SECTION 5.05 Disclosure Documents. (a) The information with respect to
Buyer and its subsidiaries and Merger Subsidiary that Buyer and Merger
Subsidiary furnish to Company in writing specifically for use in the Schedule
14D-9 or pursuant to Section 14(f) or Rule 14f-1 under the Exchange Act will not
contain any untrue statement of a material fact or omit to state any material
fact necessary in order to make the statements made therein, in the light of the
circumstances under which they were made, not misleading.
(b) The SEC Offer Documents, when filed, will comply as to form in all
material respects with the applicable requirements of the Exchange Act and the
New York Disclosure Documents, when filed, will comply as to form in all
material respects with the applicable requirements of the New York Law. The
Offer Documents will not at the time of the filing thereof, at the time of any
distribution thereof or at the time of consummation of the Offer contain any
untrue statement of a material act or omit to state any material fact necessary
to make the statements made therein, in the light of the circumstances under
which they were made, not misleading; provided that this representation and
warranty will not apply to statements or omissions in the Offer Documents based
upon information furnished to Buyer or Merger Subsidiary in writing by Company
specifically for use therein.
SECTION 5.06 Finders' Fees.
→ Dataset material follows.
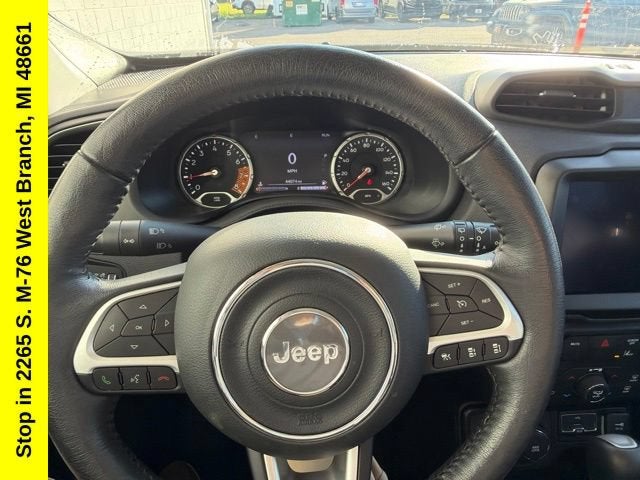 2023 Jeep Renegade Limited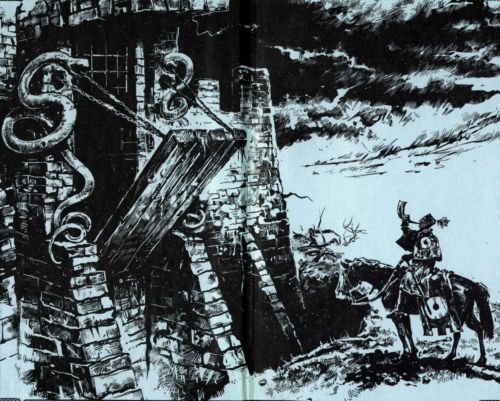 Иллюстрация к книге — Двое из Холмогорья [i_001.jpg]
There is no investment banker, broker,
finder or other intermediary who might be entitled to any fee or commission from
the Buyer or Merger Subsidiary upon consummation of the transactions
contemplated by this Agreement.
SECTION 5.07 Financing. Buyer and Merger Subsidiary have or will have,
prior to the expiration of the Offer, sufficient funds available to purchase all
of the Shares outstanding on a fully diluted basis and to pay all related fees
and expenses pursuant to the Offer and this Agreement.
SECTION 5.08 Share Ownership. As of the date hereof, Buyer and Merger
Subsidiary do not beneficially own any Shares.
SECTION 5.09 Merger Subsidiary's Operations. Merger Subsidiary was
formed solely for the purpose of engaging in the transactions contemplated
hereby and has not engaged in any business activities or conducted any
operations other than in connection with the transactions contemplated hereby.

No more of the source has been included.